SUPPLIED RECORDS:

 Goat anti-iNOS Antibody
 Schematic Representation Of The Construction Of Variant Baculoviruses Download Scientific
...
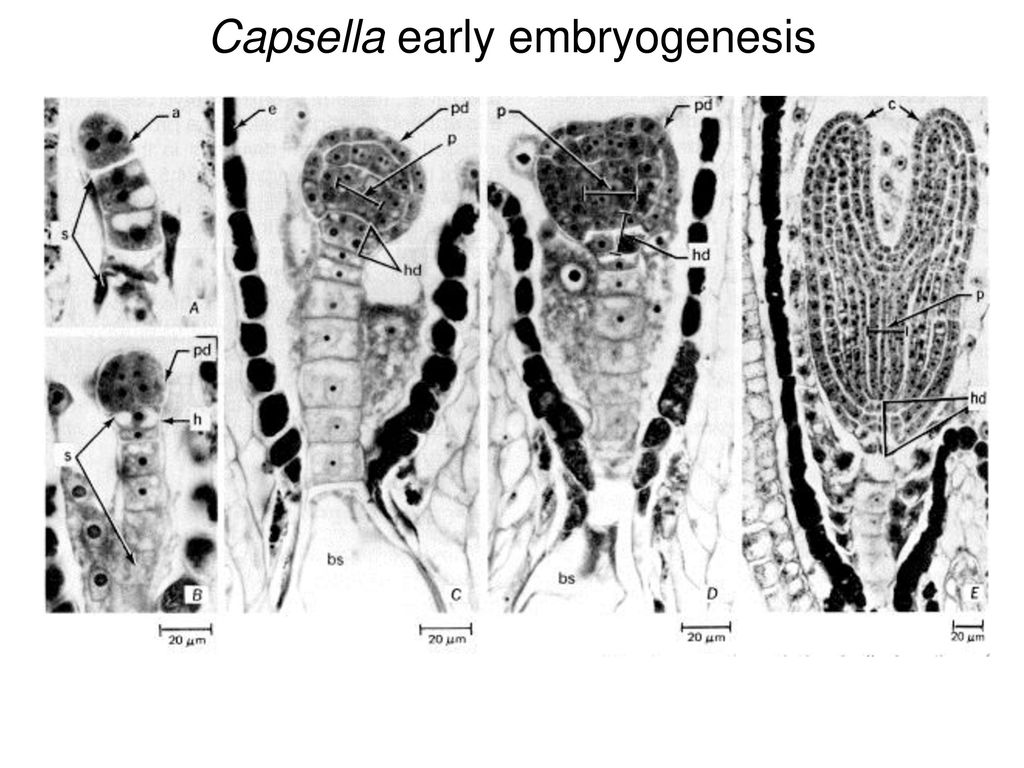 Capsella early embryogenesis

YOUR TASK:
Above are the records; copy exactly the lines from the line with "Goat anti-iNOS Antibody" through the line with "Schematic Representation Of", both included.

RESPONSE:
 Goat anti-iNOS Antibody
 Schematic Representation Of The Construction Of Variant Baculoviruses Download Scientific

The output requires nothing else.